Data shown:
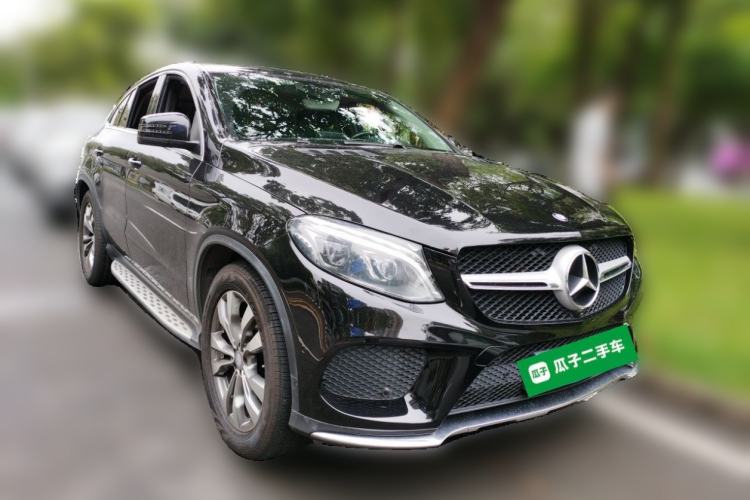 Used Mercedes-Benz GLE Coupe 2015 GLE 400 4MATIC Coupe SUV Front Right 45 Deg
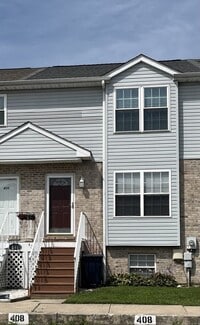 Building Photo - 408 Naughty Ln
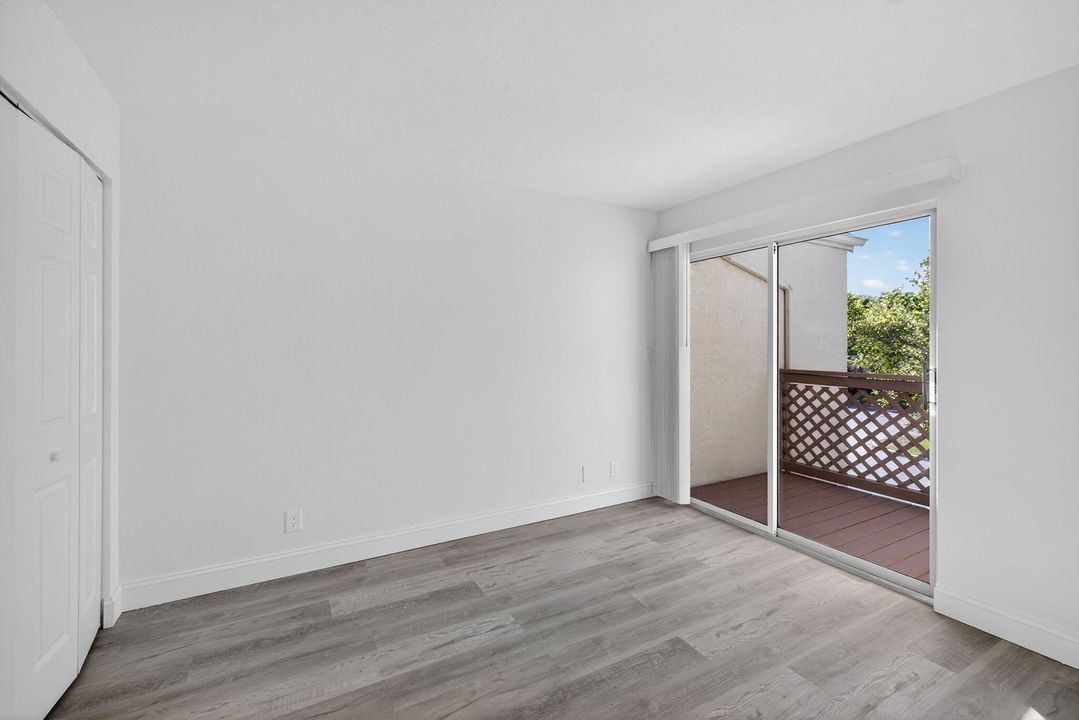 Active With Contract: $349,900 (3 beds, 2 baths, 1291 Square Feet)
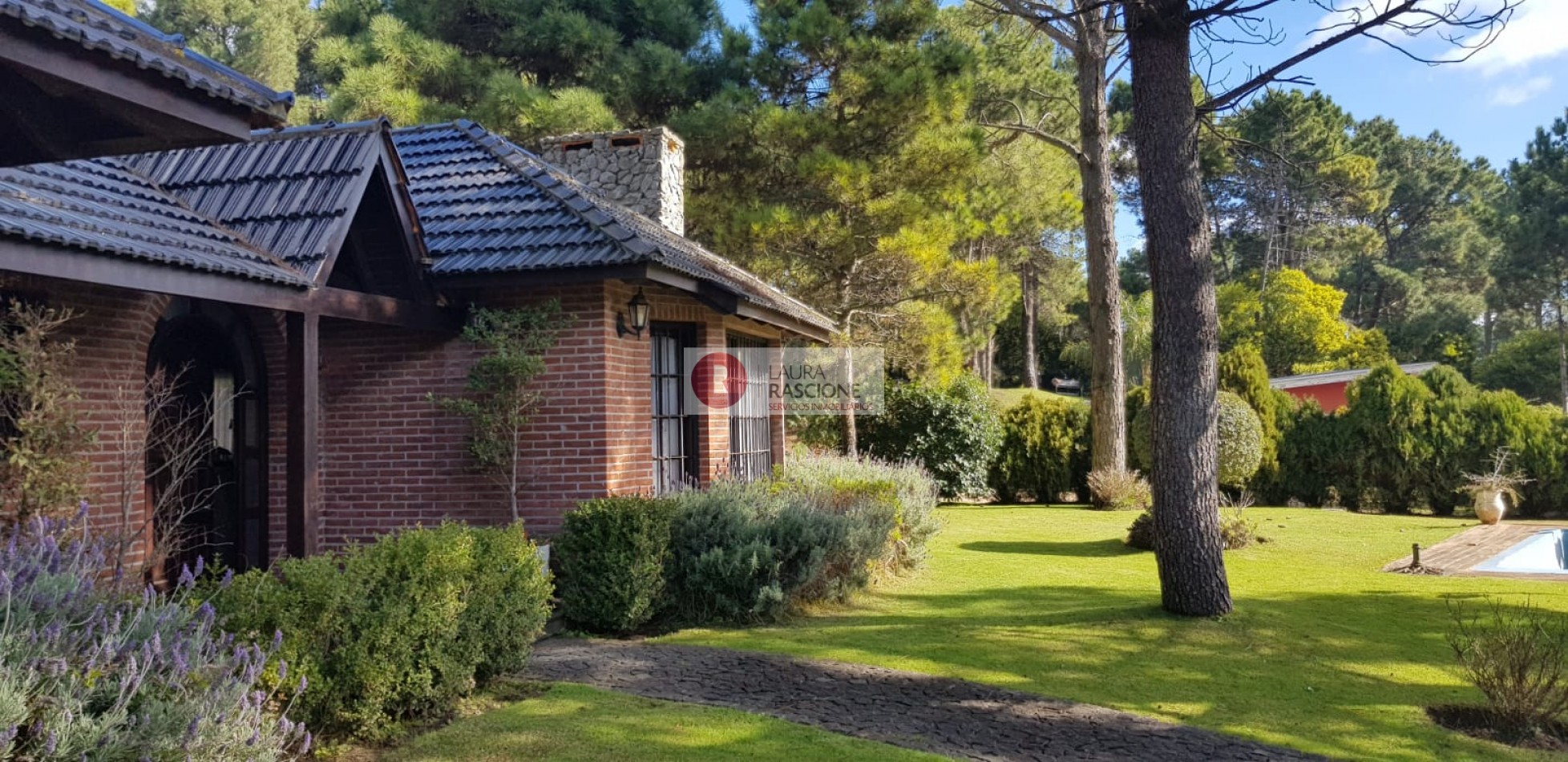 CASA "LA SOÑADA" EN BARRIO TRIDENTE - PINAMAR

Exercise goal:
Without the pictures, retype exactly the lines from the one that holds "Building Photo - 408 Naughty Ln" to the last line of the data above, both of them included.

Task output:
 Building Photo - 408 Naughty Ln
 Active With Contract: $349,900 (3 beds, 2 baths, 1291 Square Feet)
 CASA "LA SOÑADA" EN BARRIO TRIDENTE - PINAMAR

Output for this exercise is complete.